Avec ça nous avons fait le tour de ce site très vert que la Ville pousse à urbaniser complètement, jusqu’au Pré des Communes ! Dans les conclusions de l’enquête publique, la Ville annonce que «le projet de la rue du Trois Juin tient compte du potentiel de développement des autres parcelles comprises dans le périmètre de l’intérieur d'ilot à urbaniser de manière prioritaire. La voirie pourrait être prolongée en fonction des urbanisations éventuelles futures ». La Commission communale D’Aménagement du Territoire se demande, le 17 juillet 2020,  à jsute tire, « si l’aménagement de la voirie telle que proposé n’augure pas une extension future du projet ».

Le changement de paradigme dans l’aménagement du territoire en Wallonie, c’est pour quand ?

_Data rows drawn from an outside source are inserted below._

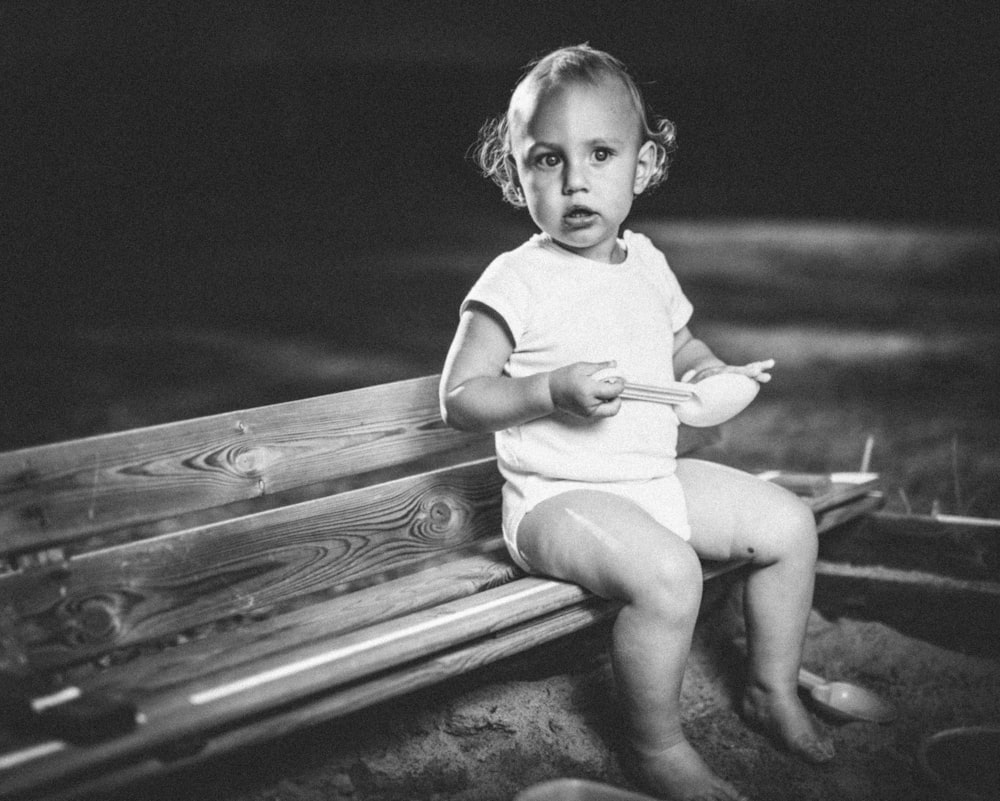 벤치에 앉아있는 유아의 회색조 사진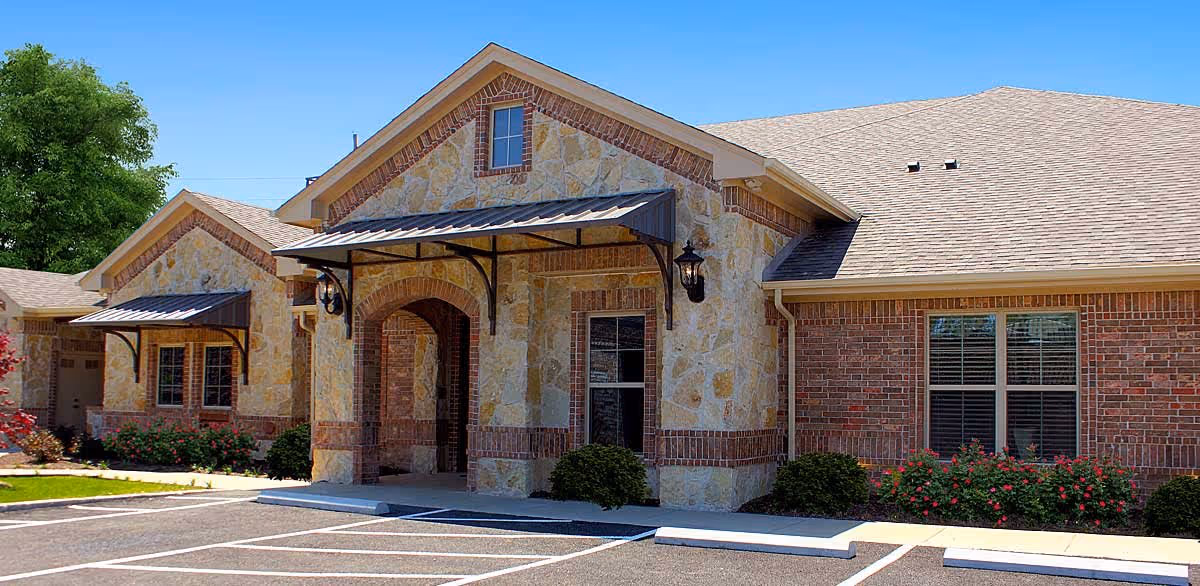 Exterior view of a single-story building with a stone and brick facade, featuring a covered entrance with metal awnings and outdoor wall lanterns. There are windows with blinds and landscaping with bushes and flowers in front, along with a parking area in the foreground under a clear blue sky.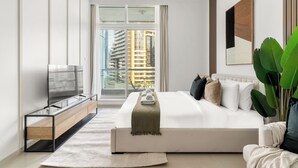 A modern bedroom with a large bed, a TV on a glass cabinet, and a view of tall buildings through the window. - Silkhaus Botanica Tower, Dubai Marina (Dubai)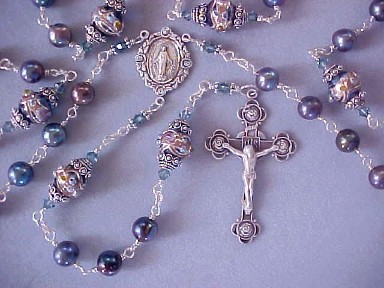 Iridescent twilight pearls shimmer with blue, teal, purple and copper tones combine with midnight blue lampworked glass, sterling silver rose crucifix and center, all sterling silver wire wrapped construction Iridescent twilight pearls shimmer with blue, teal, purple and copper tones combine with midnight blue lampworked glass, sterling silver rose crucifix and center, all sterling silver wire wrapped construction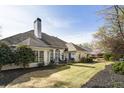 Expansive backyard with a well-maintained lawn, patio area, mature trees and exterior fireplace at 3290 Winthrop Ne Cir, Marietta, GA 30067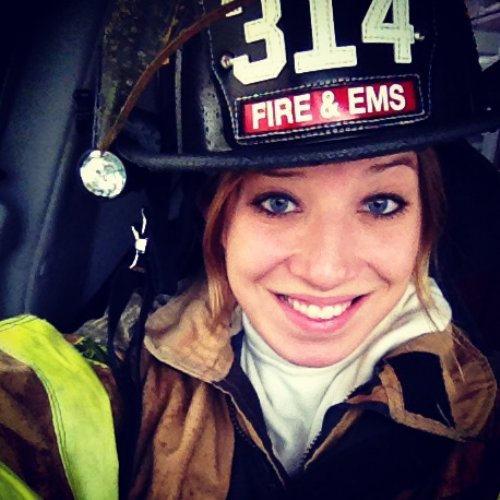 Light-eyed blonde takes selfie in EMS and firefighter helmet and overalls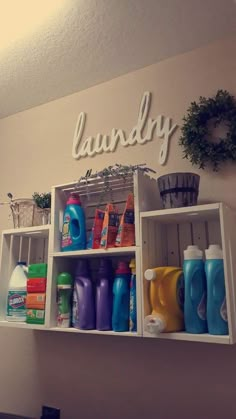 a white shelf filled with lots of cleaning supplies next to a sign that says laundry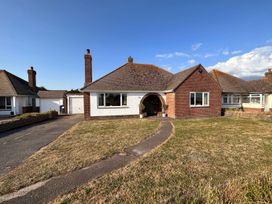 A bungalow with a brick and white exterior and a front lawn at Bayview Cottage in Southbourne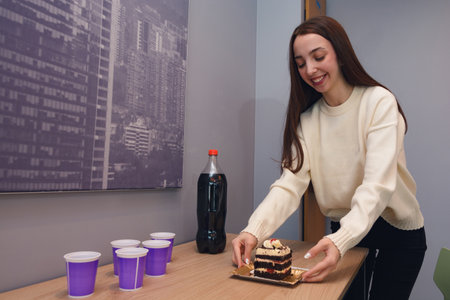 Happy young Woman is smiling while taking cake from table to go sing happy birthday in business...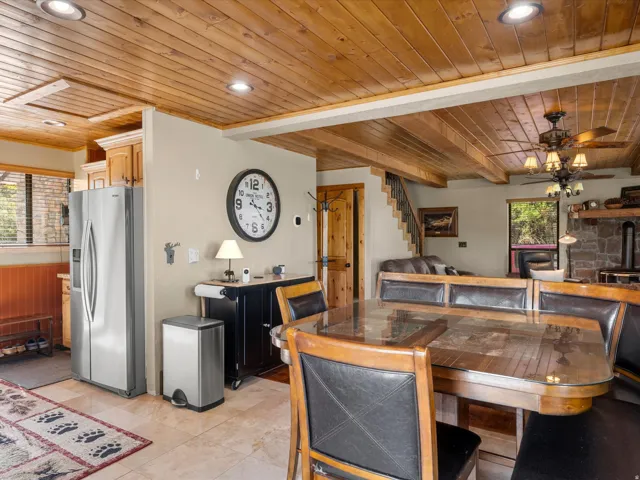 Open-concept kitchen and dining area featuring wood-beam cathedral ceiling with recessed lighting, stainless steel refrigerator, wood-finish dining table with seating for six, and tile flooring throughout the main living space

interpellation citoyenne Herstal
En guise de conclusion, voici un extrait d’une carte blanche de M.Provenzano, que j’ai déjà cité en guise d’entrée en la matièr: « Les crises sanitaire, climatique, écologique, socio-économique que nous traversons nous imposent de modifier nos lieux de vie, nos façons de les habiter, et plus généralement notre rapport au vivant. Très concrètement, une ville wallonne moyenne de 40 000 habitants (1 700 habitants/km2), qui souffre d’un taux de pollution de l’air préoccupant, qui héberge plusieurs zones industrielles lourdes, dont certaines sont aujourd’hui désaffectées, peut-elle aujourd’hui raisonnablement considérer la construction d’un lotissement résidentiel sur le dernier poumon vert de son centre-ville comme un choix politique en phase avec les préoccupations de sa population? »

 Et un second extrait vient d’une importante étude sur la santé et l’environnement publiée le 8/9/2020 par l’Agence européenne pour l’environnement (AEE) : « Les villes européennes sont particulièrement vulnérables à ces multiples menaces, et elles disposent également d’un accès plus réduit aux espaces verts et bleus. La pandémie de COVID-19 a montré les avantages que procure l’accès aux espaces verts et bleus, en particulier dans les zones urbaines, sur le plan de la santé et du bien-être ».